Alexandra Starr discovers that in Manhattan expecting a baby is all about you and your performance, rather than the child: doctors and websites give the mother-to-be no quarter

Even Sylvia Plath (though usually pretty downbeat about life) viewed pregnancy as an exalted state. In her diary she characterised gestation as ‘the Great Experience a [woman’s] body is formed to partake of, to nourish’, while in her poem ‘Morning Song’ she celebrated feeling ‘cow heavy and floral’. Bringing children into the world clearly fulfilled a profound need for Plath. But I suspect that even she would have felt differently about the joys of maternity had she experienced it not in London in the early 1960s, but in Manhattan circa 2009.

Trust me, I know what I’m talking about. My husband and I spent most of last year in London, all the while ignoring our parents’ insinuations that we should attempt to produce British-born children. There were benefits to remaining a two-person household. We had evenings at the theatre followed by long dinners and trips to places as far flung as India and Egypt. Now that I’m stateside, a few months removed from first-time motherhood, however, I wonder if succumbing to familial pressure might not have been such a bad idea. It would have allowed me to escape the tyranny of a New York pregnancy.

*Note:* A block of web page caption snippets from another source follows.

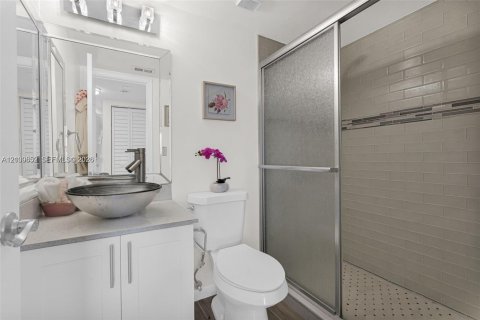 Condo in Lake Worth, Florida, 2 bedrooms  № 2402398 - photo 16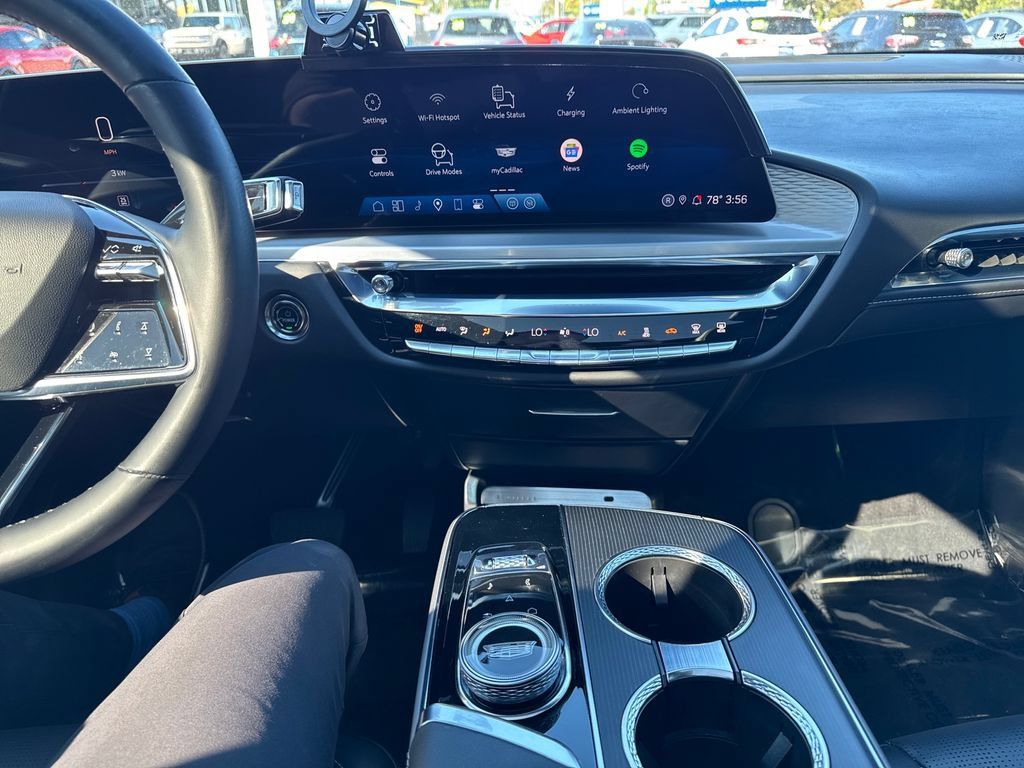 Used 2024 Cadillac Lyriq Luxury RWD image 20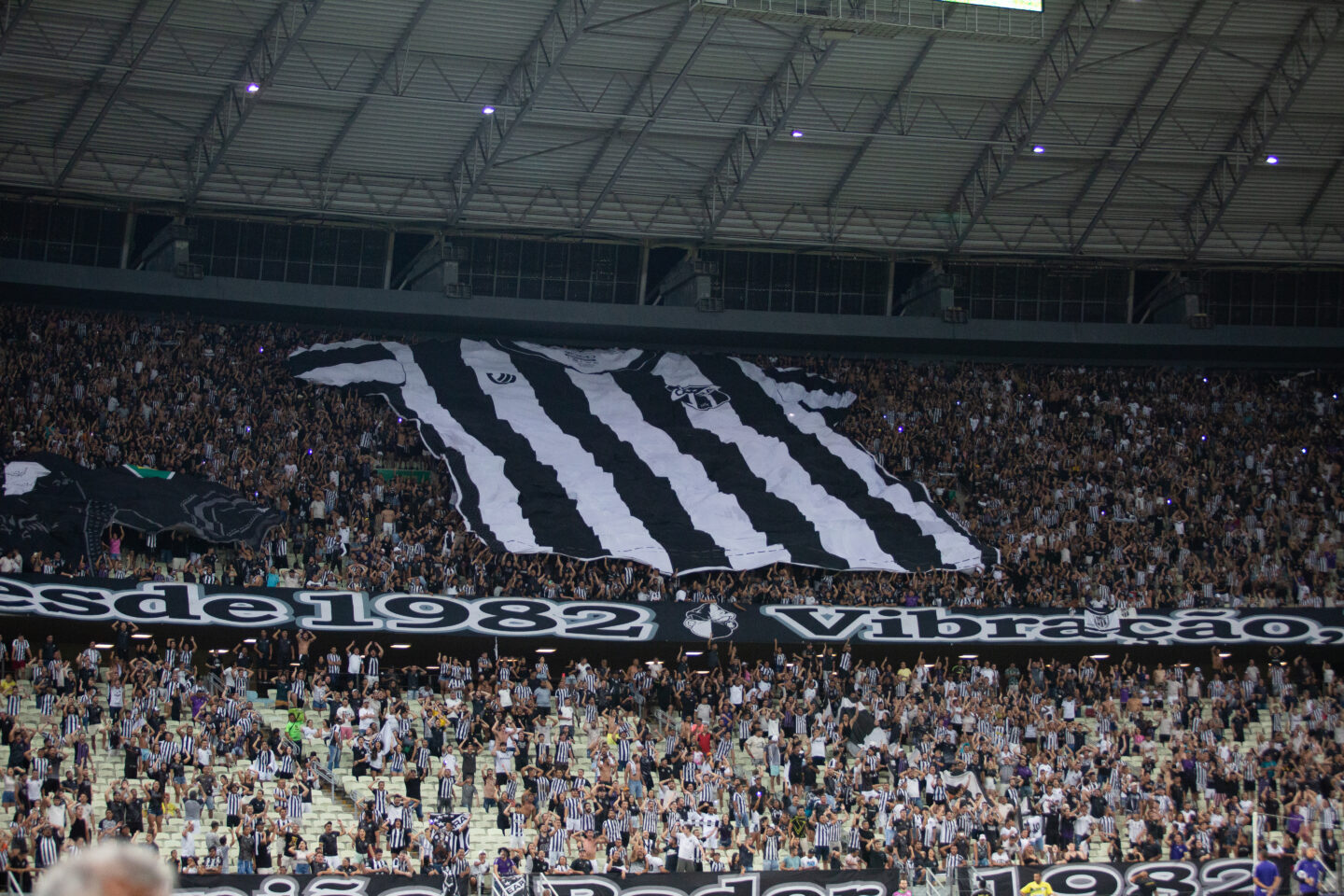 Média de público da Série B 2023: Ceará, Vitória e Sport lideram ao fim do 1º turno 1 Torcida do Ceará compra 45 mil ingressos para a final da Copa do Nordeste 2023 contra o Sport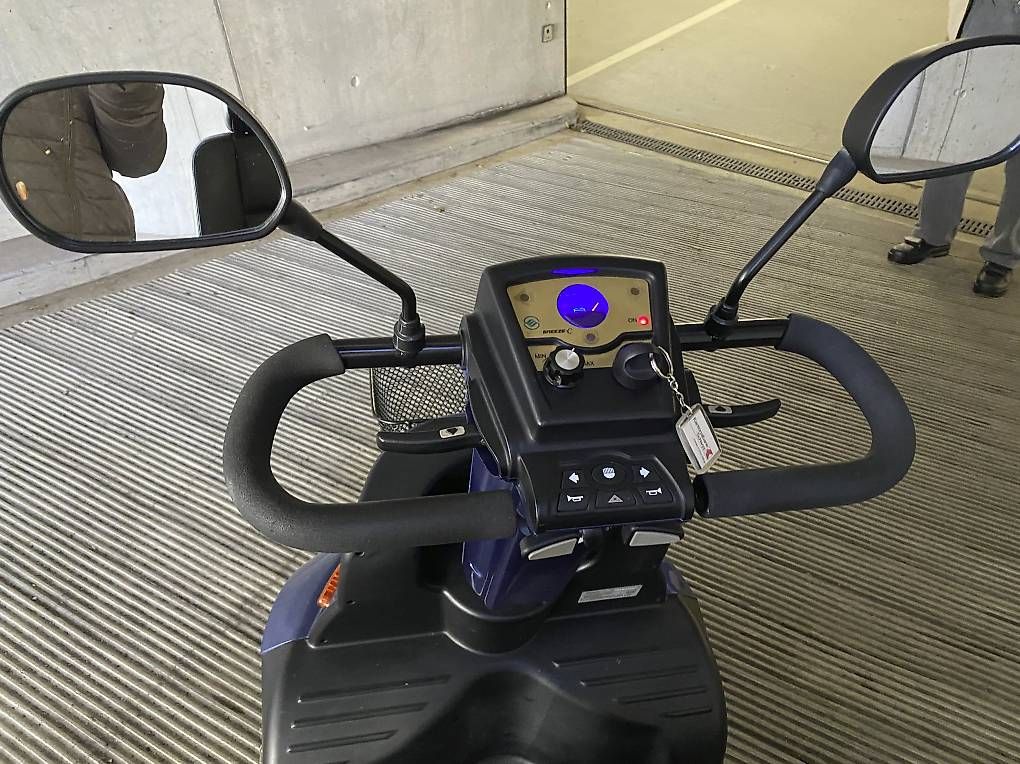 Veicoli elettrici: Elektromobil / Behindertenmobil – Usato da Ibach venduto da Femacor 2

In a city obsessed with self-improvement and status, becoming big with child is not a mellow experience. New Yorkers may appear to be concerned about your baby, but in fact it’s all about you, not your child. How you eat during pregnancy is seen as a reflection of your character and social standing.

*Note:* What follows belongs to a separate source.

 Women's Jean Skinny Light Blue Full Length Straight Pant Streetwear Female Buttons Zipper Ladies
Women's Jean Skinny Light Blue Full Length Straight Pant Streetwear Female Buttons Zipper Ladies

Pregnancy in Manhattan combines crunchy-granola wholesomeness — go organic, absolutely no drinking (to say nothing of lighting up a cigarette), cut out the caffeine — with an urban prejudice against growing anything bigger than the ‘Perfect Bump’ (as the title of a New York magazine article describing the city’s epidemic of skinny pregnancies put it). Before conceiving, I had known that you were supposed to stay away from sushi and decline all but the occasional glass of wine. But I was surprised, if not stunned, by the list of ‘prohibited items’ that fill US pregnancy websites. Here’s a partial list: deli meats, raw sprouts, smoked salmon, soft cheeses, alcohol, coffee, even camomile tea.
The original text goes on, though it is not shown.